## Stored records
◆ ◆ ◆ ◆
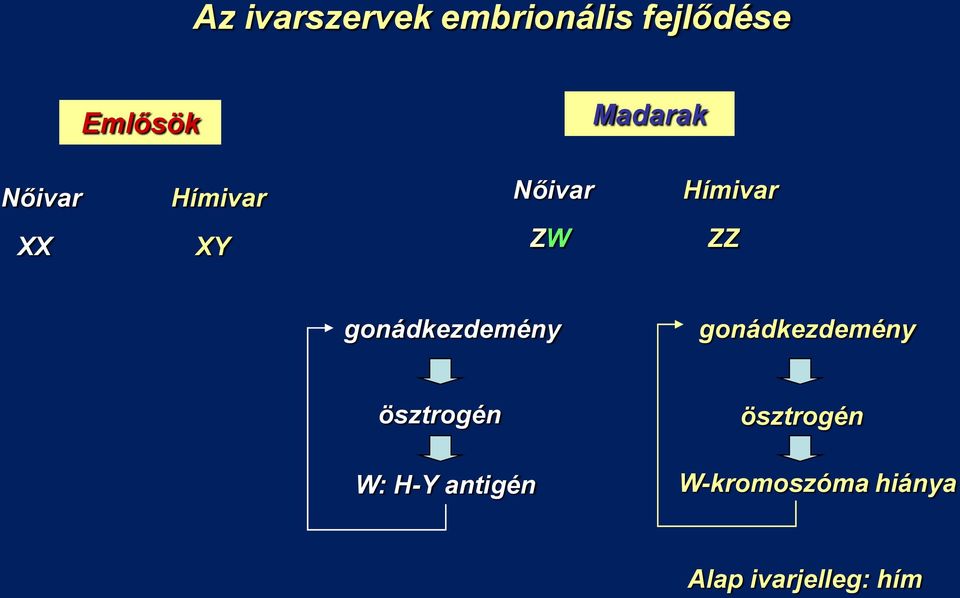 gonádkezdemény gonádkezdemény ösztrogén ösztrogén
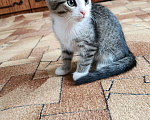 Кошки в Уфе: Кошечка Муся Девочка, Бесплатно - фото 2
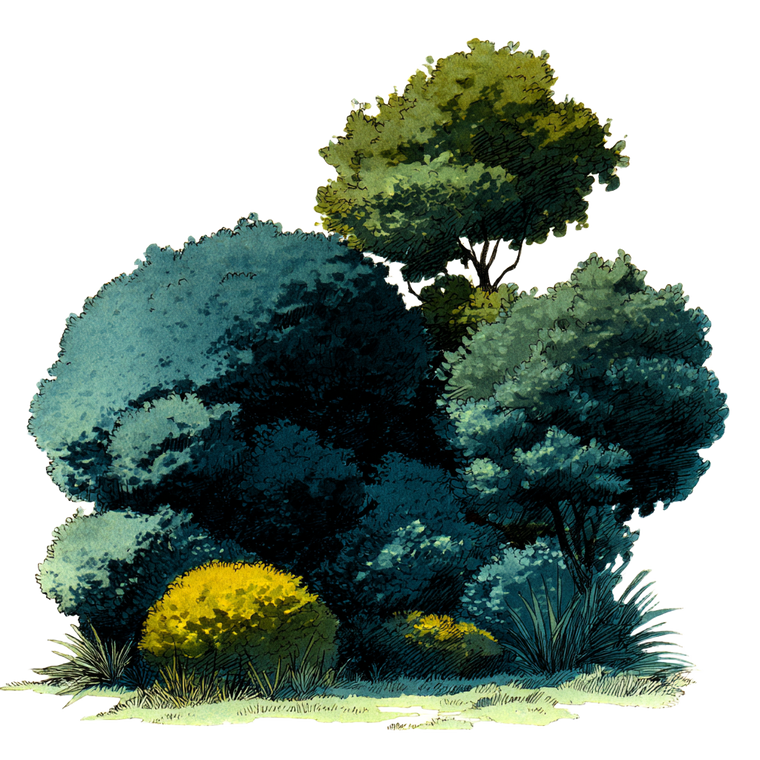 Manga Style Bushes Vinyl Car Decal Sticker – Waterproof & UV-Resistant 3.4133333333333336" Manga Style Bushes Vinyl Car Decal Sticker – Waterproof & UV-Resistant 3.4133333333333336"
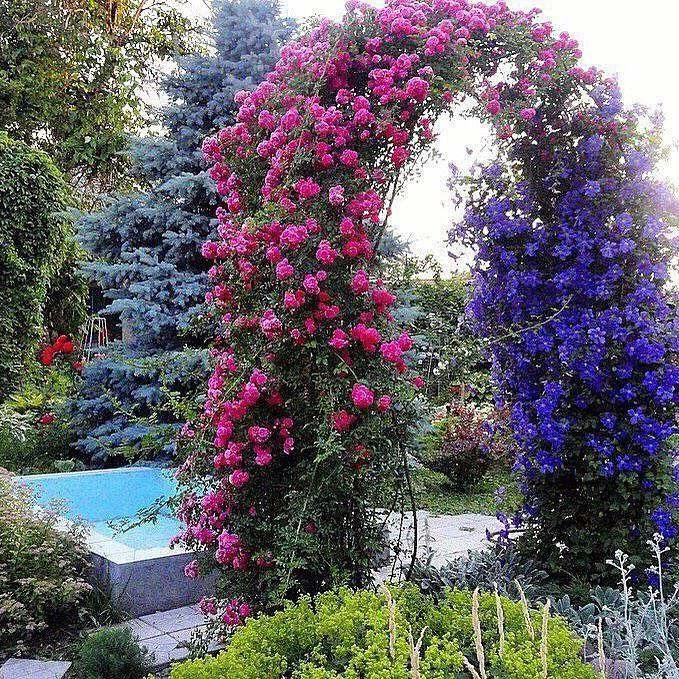 Идеальное сочетание клематисов и роз 🌸🌹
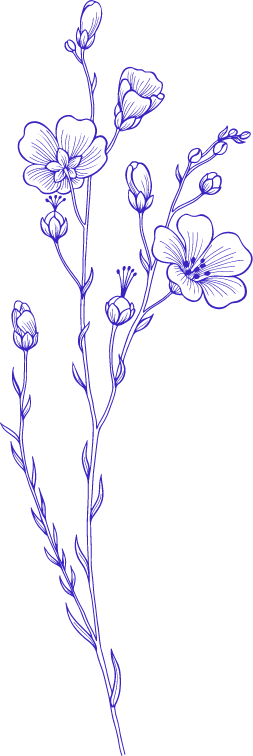 Flax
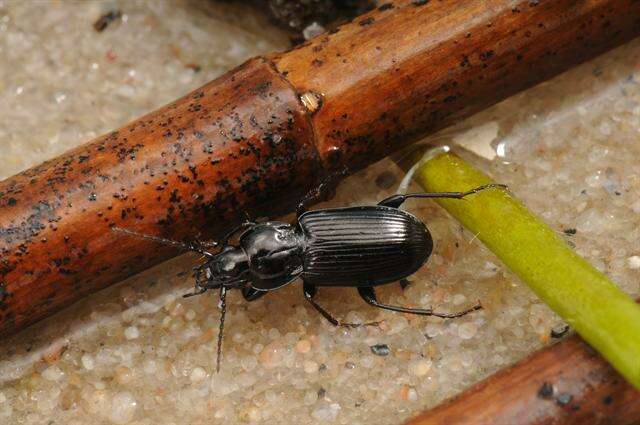 Imagem de Pterostichus (Pseudomaseus) nigrita (Paykull 1790)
◆ ◆ ◆ ◆
## Task details
Once the pictures are removed, return the entries exactly as they stand.

## Reply to the task
 gonádkezdemény gonádkezdemény ösztrogén ösztrogén
 Кошки в Уфе: Кошечка Муся Девочка, Бесплатно - фото 2
 Manga Style Bushes Vinyl Car Decal Sticker – Waterproof & UV-Resistant 3.4133333333333336" Manga Style Bushes Vinyl Car Decal Sticker – Waterproof & UV-Resistant 3.4133333333333336"
 Идеальное сочетание клематисов и роз 🌸🌹
 Flax
 Imagem de Pterostichus (Pseudomaseus) nigrita (Paykull 1790)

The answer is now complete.